Problem to solve ::
Repeat, exactly as they appear, the lines from the one with "Foto del edificio - 811 N Keene Rd" through the last line of the entries below, but none of the pictures.

Data shown ::
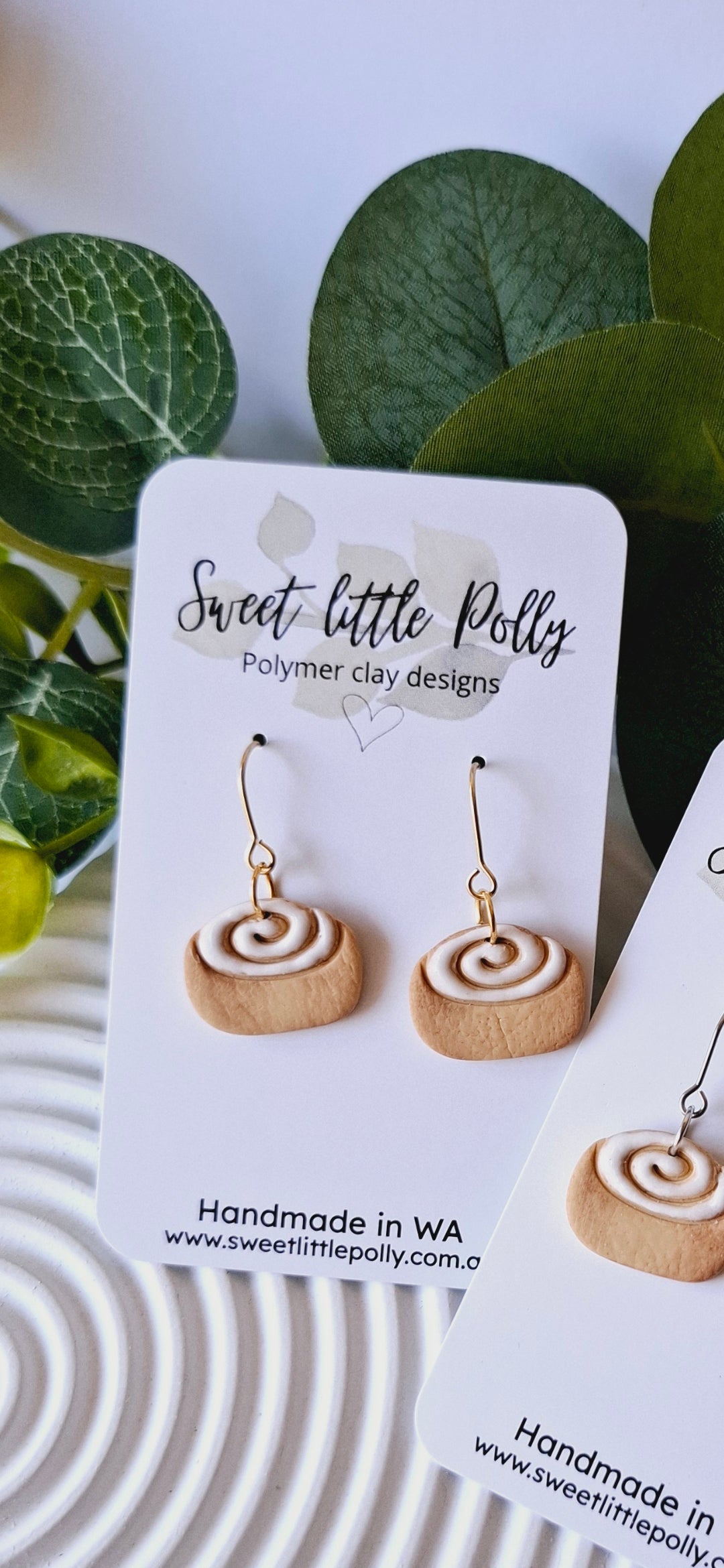 .Cinnamon Bun Delicious Dangles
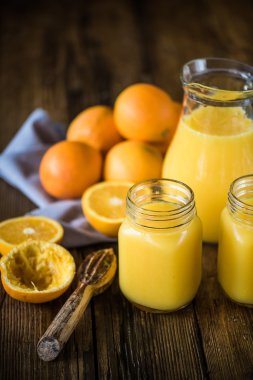 el sıkılmış taze portakal suyu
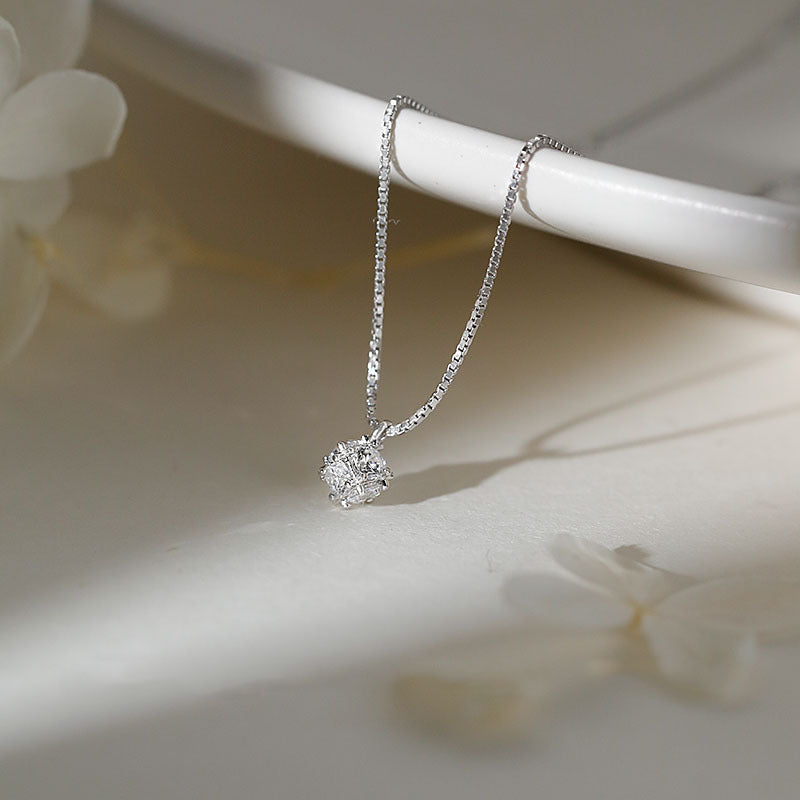 S925 Silver Sparkling Zirconia Pendant Necklace - Silvery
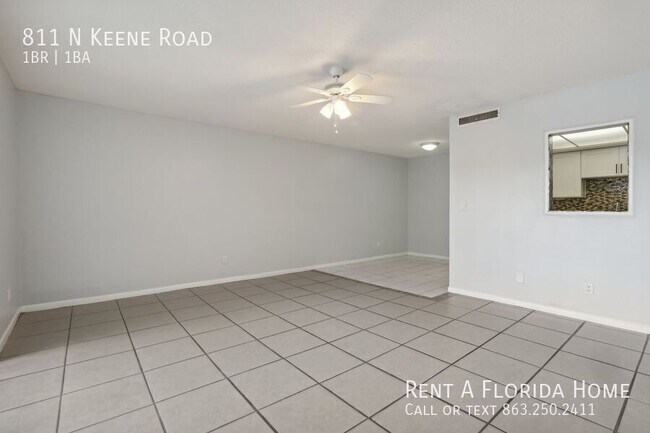 Foto del edificio - 811 N Keene Rd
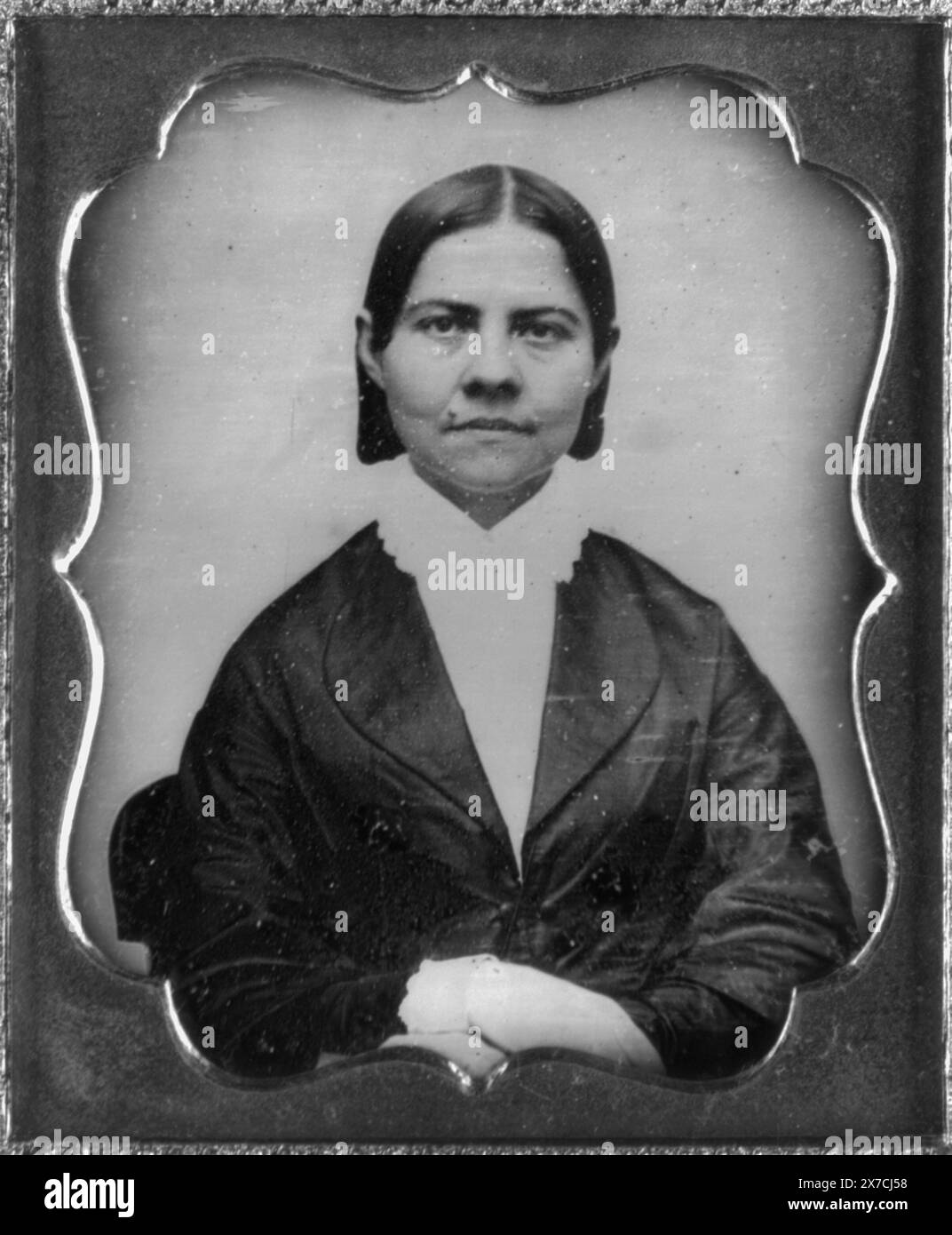 Lucy Stone, portrait de la tête et des épaules d'une femme, face au devant, photographe est G. W. Bartlett, New Albany, Ind., cas : motif floral., date et photographe de la documentation d'accompagnement dans les papiers de la famille Blackwell., fait partie de : matériaux visuels des papiers de la famille Blackwell., fait partie de : collection daguerréotype , transfert ; Division des manuscrits; 2014 ; (DLC/PP-2014:032). Stone, Lucy, 1818-1893. Banque D'Images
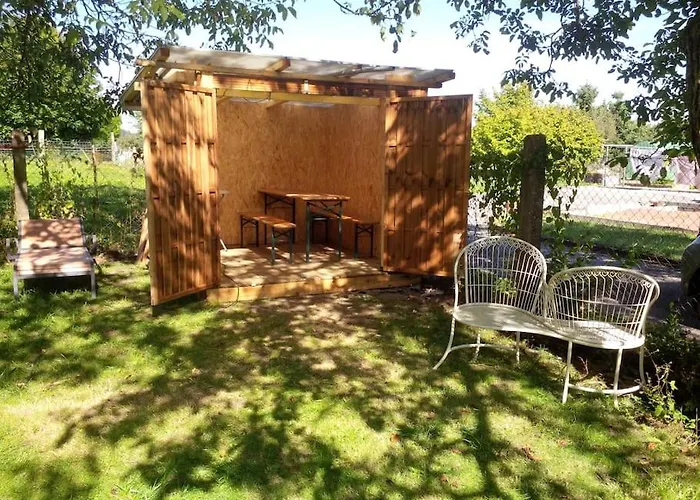 Belle Au Rez-de-chaussee Landsted Bust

Response ::
 Foto del edificio - 811 N Keene Rd
 Lucy Stone, portrait de la tête et des épaules d'une femme, face au devant, photographe est G. W. Bartlett, New Albany, Ind., cas : motif floral., date et photographe de la documentation d'accompagnement dans les papiers de la famille Blackwell., fait partie de : matériaux visuels des papiers de la famille Blackwell., fait partie de : collection daguerréotype , transfert ; Division des manuscrits; 2014 ; (DLC/PP-2014:032). Stone, Lucy, 1818-1893. Banque D'Images
 Belle Au Rez-de-chaussee Landsted Bust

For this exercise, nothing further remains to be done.